Pandemic Back Rent Becomes Revenue Stream for L.A. Landlords
Apartment rents owed from 2020 through 2023 can now be collected.
The end of pandemic eviction protections for renters is beginning to lower the amount of bad debt, in the form of unpaid rent and overdue fees, on the balance sheets of apartment landlords throughout Southern California.
In Los Angeles, which adopted some of the strongest pandemic-related protections, the final phased deadline to pay back rent accumulated from 2020 through 2023 arrived on February 1.
A wave of evictions that were blocked by renter protections during the COVID outbreak now are making their way through the county courts. An estimated 46,000 legal evictions were processed in Los Angeles County in 2023, the largest total since 2016, according to a report in the Los Angeles Times.
Between February 2023, when the evictions ban on tenants who owed back rent expired, and November, the Los Angeles Housing Department signaled its intention to evict more than 71,000 households, with 96% of those evictions based on nonpayment of rent, the newspaper report said.
Although L.A. ended its evictions ban a year ago, the city phased in its deadlines for when back rent is due to be repaid.
In August, the city required tenants to repay rent debt from the first year-and-a-half of the pandemic. The final deadline of February 1, 2024 requires tenants to pay back everything they owe from October 2021 through January 2023.

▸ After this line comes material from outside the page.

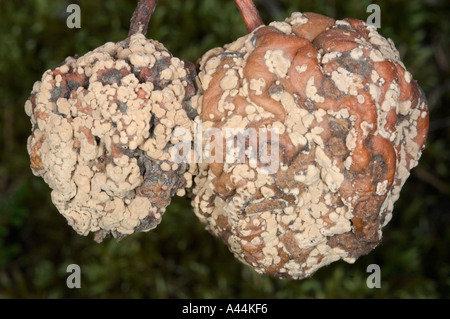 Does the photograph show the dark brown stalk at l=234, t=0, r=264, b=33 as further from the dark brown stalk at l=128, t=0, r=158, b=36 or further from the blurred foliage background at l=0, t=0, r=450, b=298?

However, the City Council granted a last-minute extension at the end of January to 3,200 applicants who had been approved to receive as much as six months’ back rent from the United to House L.A. Emergency Renters Assistance Program but had not yet received disbursements from the $30M fund.
Local non-profits say they’re running out of lawyers to represent tenants facing evictions, warning that the current wave of evictions will exacerbate the homelessness emergency in Los Angeles County.
According to a new study from the University of Pennsylvania that was commissioned by the Los Angeles Housing Department, an estimated 93,000 city households had pandemic-era rent due as of the beginning of this month, with 17,000 households more than a year behind on rent payments.
Several REITs that specialize in multifamily cited the back-rent situation as a primary reason for underperformance in Southern California markets in recent earnings reports, adding that they expect an influx of back rent to lower their exposure to bad debt in 2024.
Houston-based Camden Property Trust, a publicly traded REIT that owns interests in 171 apartment communities encompassing nearly 60K units, reported that its properties in Los Angeles and Orange County “underperformed mainly for reasons related to bad debt, skips and evictions, and fraud,” Keith Oden, Camden’s president, said during a call with investors.
Regarding the outlook for 2024, Oden said “we anticipate the improvement in L.A. (and) Orange County will come primarily from a reduction in bad debt as we repopulate many of our vacant units with residents who actually pay their rent.”